──────── RECORDS PROVIDED
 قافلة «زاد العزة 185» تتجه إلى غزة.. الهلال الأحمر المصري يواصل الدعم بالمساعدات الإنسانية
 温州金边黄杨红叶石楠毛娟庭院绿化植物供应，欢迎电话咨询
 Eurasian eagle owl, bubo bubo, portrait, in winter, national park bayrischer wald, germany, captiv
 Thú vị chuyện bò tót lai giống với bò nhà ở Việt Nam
────────────────
──────── RECORDS PROVIDED
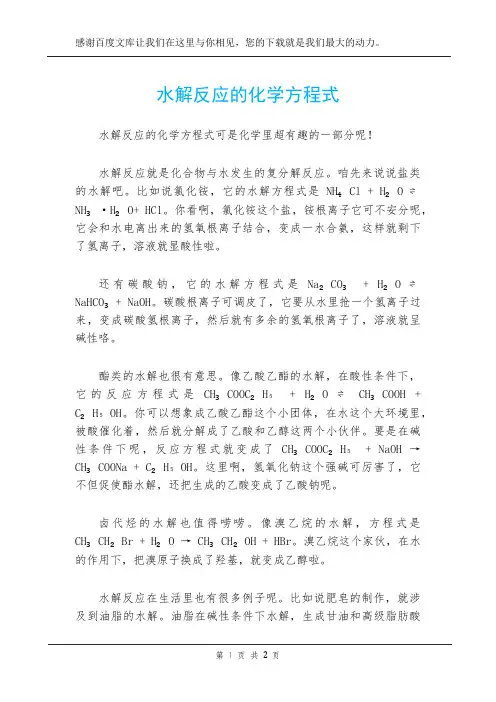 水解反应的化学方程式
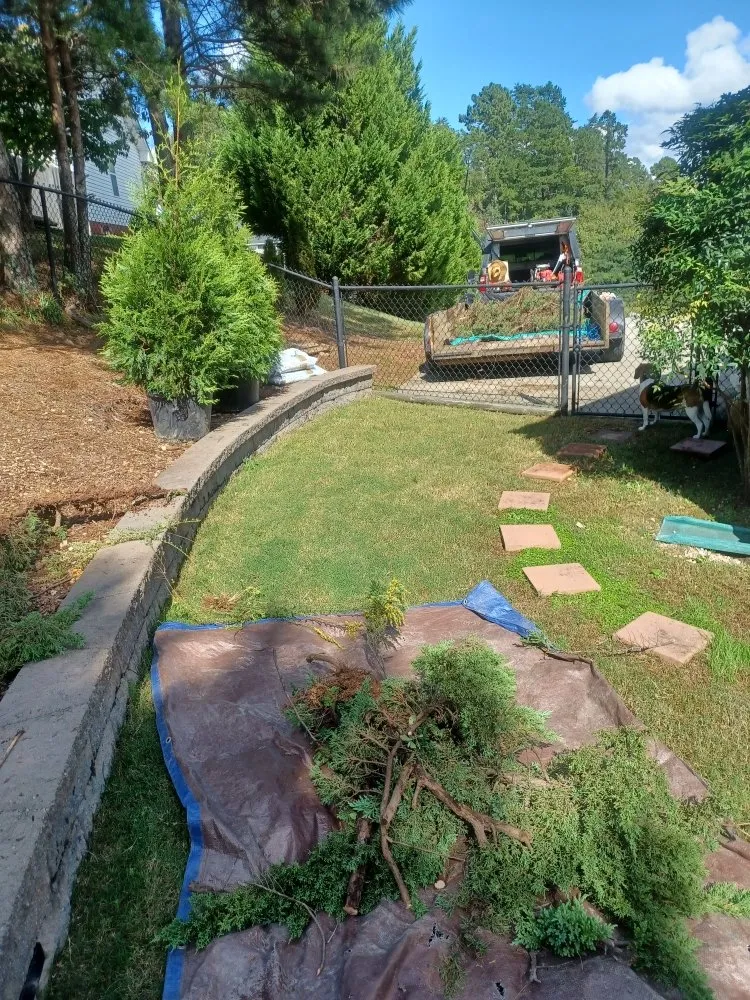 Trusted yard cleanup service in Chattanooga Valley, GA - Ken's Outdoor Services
────────────────
──────── RECORDS PROVIDED
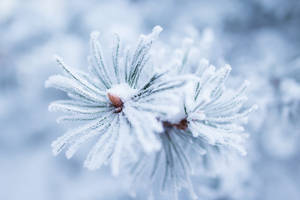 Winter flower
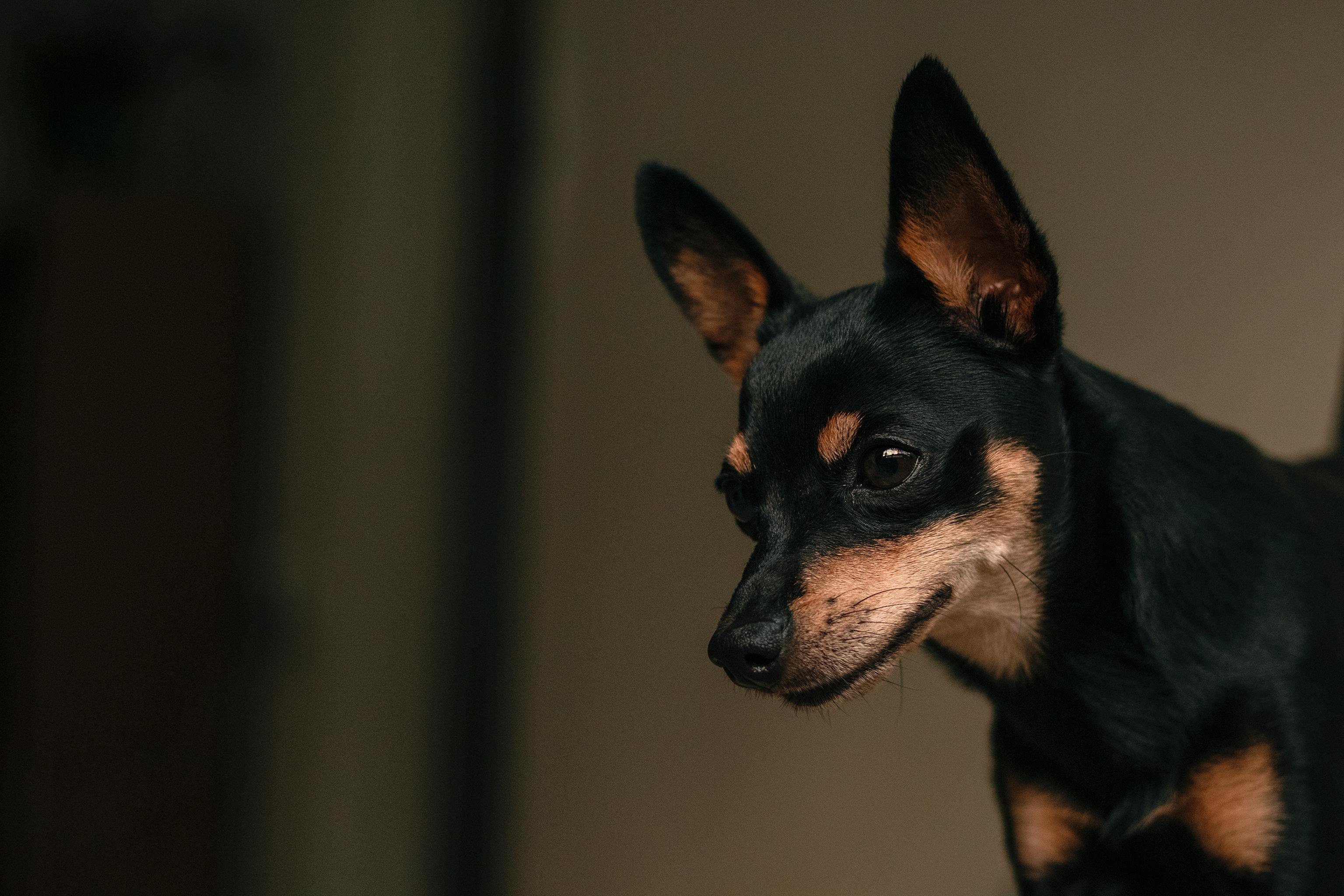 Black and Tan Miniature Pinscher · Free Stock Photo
────────────────
◆ EXERCISE DIRECTIONS: Starting at the line that contains "温州金边黄杨红叶石楠毛娟庭院绿化植物供应，欢迎电话咨询" and stopping after the line that contains "Thú vị chuyện", write out every line exactly as it appears above, and no other line.

◆ WRITTEN RESPONSE:
 温州金边黄杨红叶石楠毛娟庭院绿化植物供应，欢迎电话咨询
 Eurasian eagle owl, bubo bubo, portrait, in winter, national park bayrischer wald, germany, captiv
 Thú vị chuyện bò tót lai giống với bò nhà ở Việt Nam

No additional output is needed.